I was wondering the same thing...

I pay 1500 cdn a year for 2 million, 2500 deductible. I am a one man show with casual cash help. I dont believe i was asked if a had employes. Mind you when I finally recieved the paper work from the undewriter it as so long and wordy with so many exemptions I am left feeeling i wont be covered anyways; but it allows me to say i am fully insured. Is 2500 deductible normal, seems like a good deal for the inurance as most mistakes or feasable mistakes will be a few hundred dollars.


----------



## Mitchell

*insurance*

i was quated 1250 for 1 mil, both quates forbid spraying, is that a normal exemption.


----------



## arborrich

ddhlake, is that for tree removal or landscaping insurance.. is ur carrier a nationwide company


----------



## arborrich

all these guys with insurance for a one man or 2 man partnership, what happens if you bring a helper on and he breaks something or he gets hurt or hurrts someone else.??


----------



## ddhlakebound

arborrich said:


> ddhlake, is that for tree removal or landscaping insurance.. is ur carrier a nationwide company



It is for tree removal/trimming/care. Yes, I believe the underwriter is a nationwide carrier, but I'm waiting on my renewal policy to arrive now. If I remember correctly, the underwriter is Western World, but I may be mistaken. Our deductible is $1000.


----------



## ddhlakebound

arborrich said:


> all these guys with insurance for a one man or 2 man partnership, what happens if you bring a helper on and he breaks something or he gets hurt or hurrts someone else.??

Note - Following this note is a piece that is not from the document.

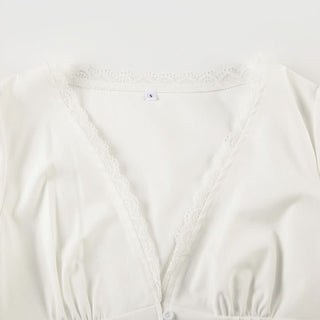 Puff sleeve v neck ruched button lace hem top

If your help causes damage or injury, you/your insurance carrier is responsible. You are responsible for all the actions of your crew the whole time they are working.


----------



## maxburton

I have a million dollar policy through Scottdale insurance. I have a $500 deductible and pay about $1400 per year in premiums.


----------



## arborrich

max thats for a one man company


----------



## toscottm

*Liability Insurance: Claim Costs*



Mitchell said:


> most mistakes or feasable mistakes will be a few hundred dollars.



Mitchell,

My apology, however the statement above I would disagree with significantly.

The common nuisances of business undoubtedly do result in minor (below the deductible) losses and should be absorbed, however don't fool yourself into thinking that 'most mistakes' would be minor. Arboriculture claims can be very costly due to the potential for severe harm (injury,damage or financial harm).

In reviewing your insurance protection, ensure that the general liability policy you arranged has the professional services exclusion removed (so therefore the coverage is 'in'). Also, ensure attention to the definition of "property damage" as well as "intentional acts" is uniquely attended to. Standard insurance products in Canada typically do not meet the unique concerns of arborists or those in the tree service industry. 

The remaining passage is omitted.